Prostate cancer cells are abnormal cells that originate in the prostate gland and have the ability to grow and divide uncontrollably. The prostate gland is a small, walnut-shaped gland located in the male reproductive system that produces semen. New cyclin-dependent kinase 19 (CDK19) and related cyclin-dependent kinase 8 (CDK8) inhibitors have been revealed to inhibit the ability of prostate cancer cells to infiltrate and spread to nearby structures.
For patients with advanced disease, these compounds may be used singly or in conjunction with other therapies to stop and treat metastatic spread. The results appear in The American Journal of Pathology, published by Elsevier.
“There is an urgent need for novel therapeutic options for men suffering from advanced prostate cancer,” explained lead investigator Sven Perner, MD, PhD, Institute of Pathology, University Hospital Schleswig-Holstein; and Institute of Pathology, Leibniz Lung Center, Borstel, Germany.
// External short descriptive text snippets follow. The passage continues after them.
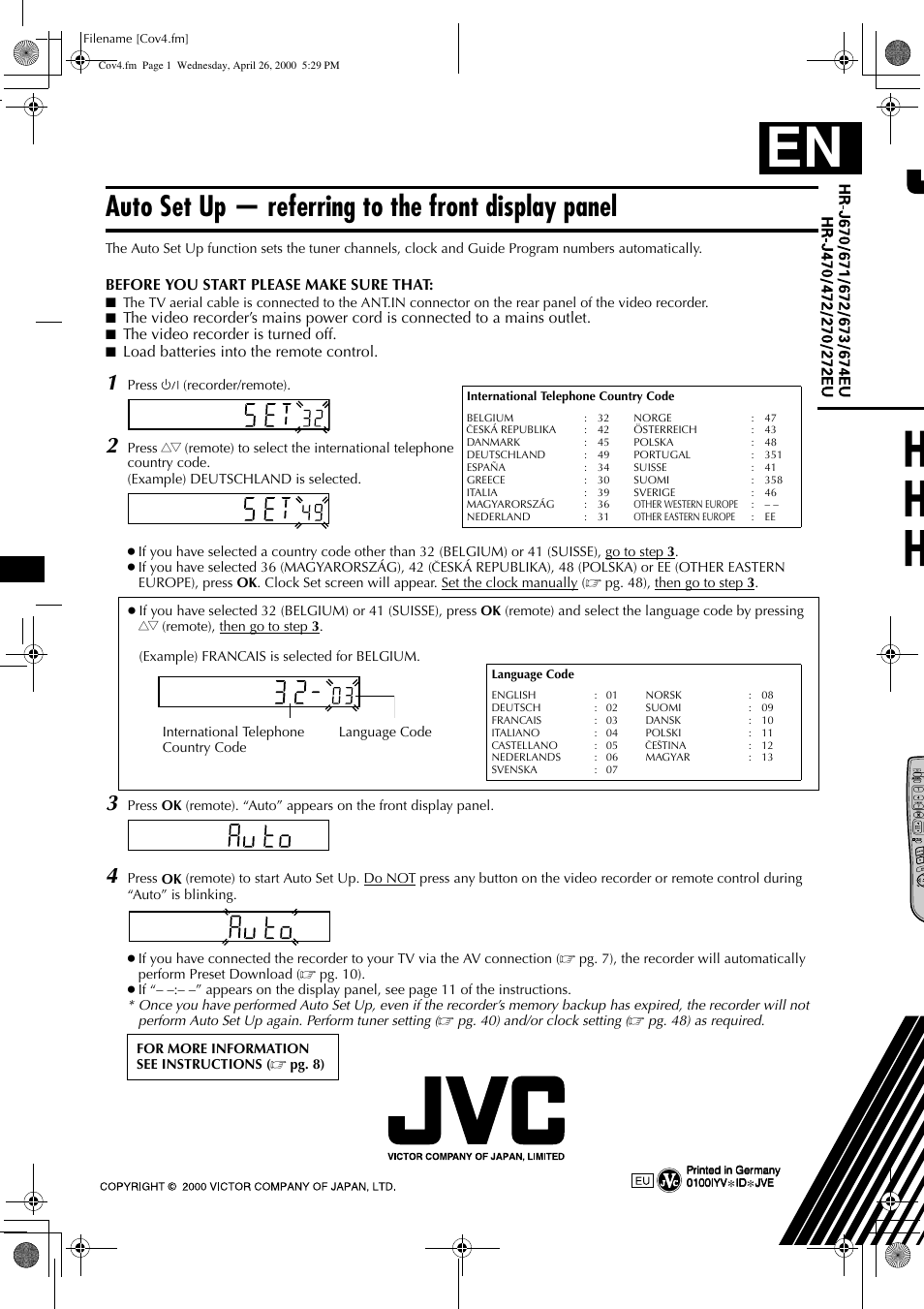 Auto set up — referring to the front display panel | JVC HR-J470 User Manual | Page 56 / 56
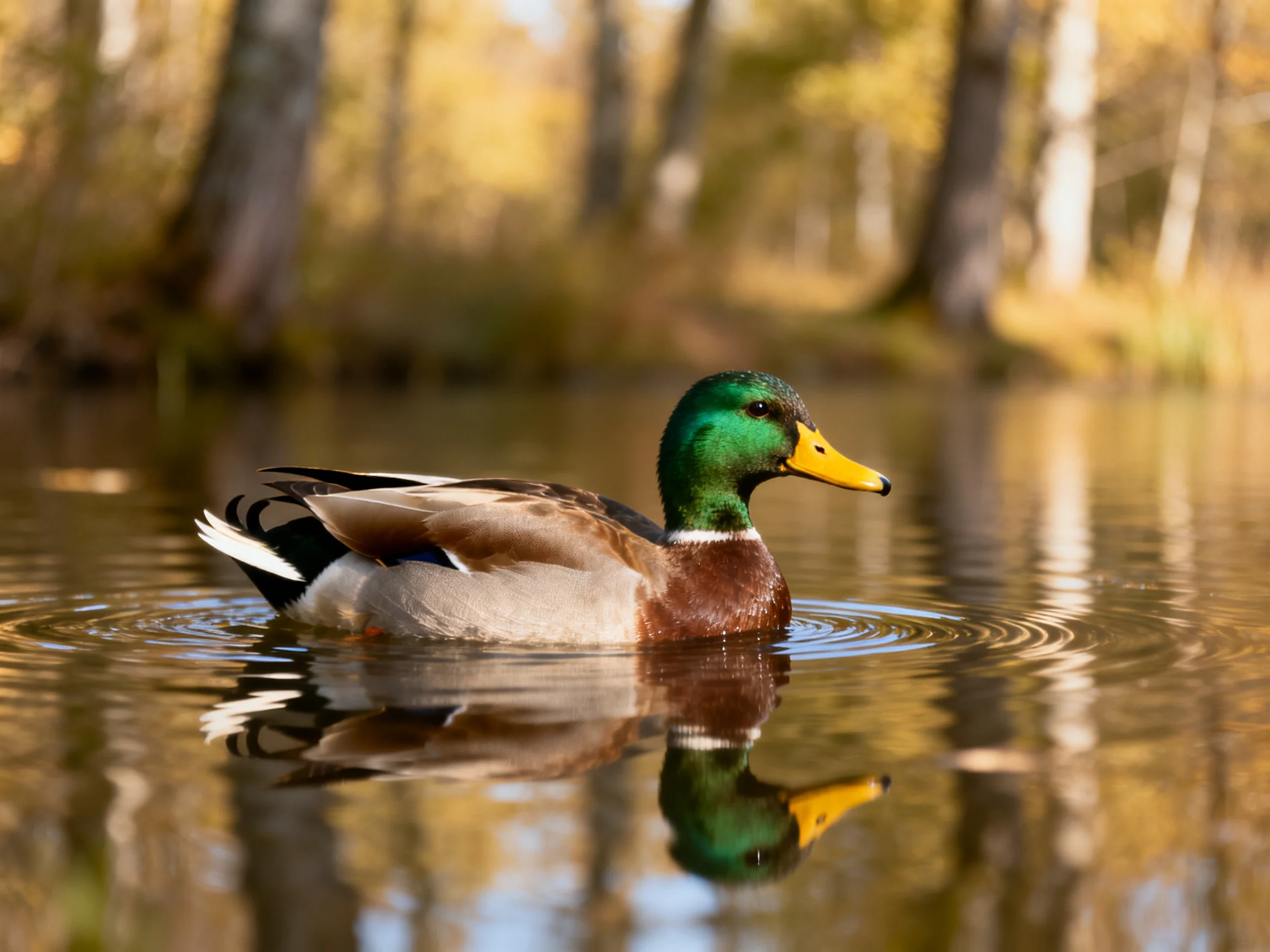 A mallard duck glides on calm water amid autumnal trees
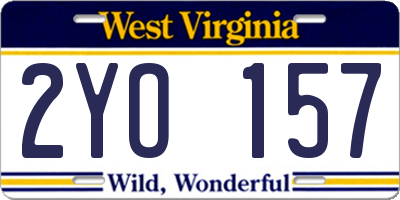 WV license plate 2YO157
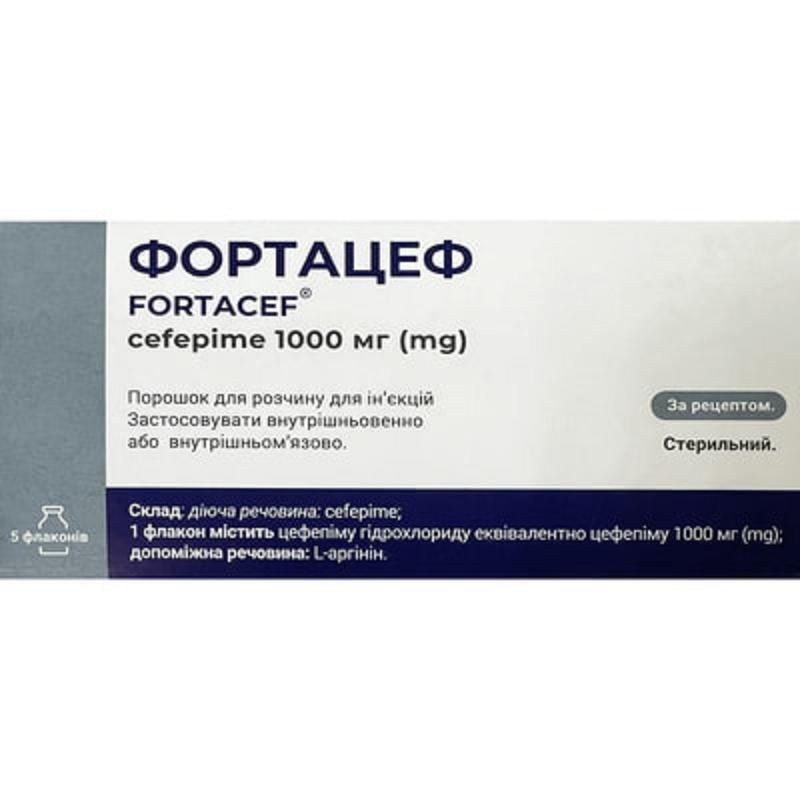 ФОРТАЦЕФ порошок для р-ну д/ін. по 1000 мг №5 у флак.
“In previous research we found strong evidence for the involvement of CDK19 in the growth, progression, and metastasis of prostate cancer, as well as the development of castration resistance. Since several novel CDK8/CDK19 inhibitors have recently been developed, we tested them in a prostate cancer in vitro model and identified molecular changes in cancer cells after CDK8/CDK19-inhibition with these drugs.”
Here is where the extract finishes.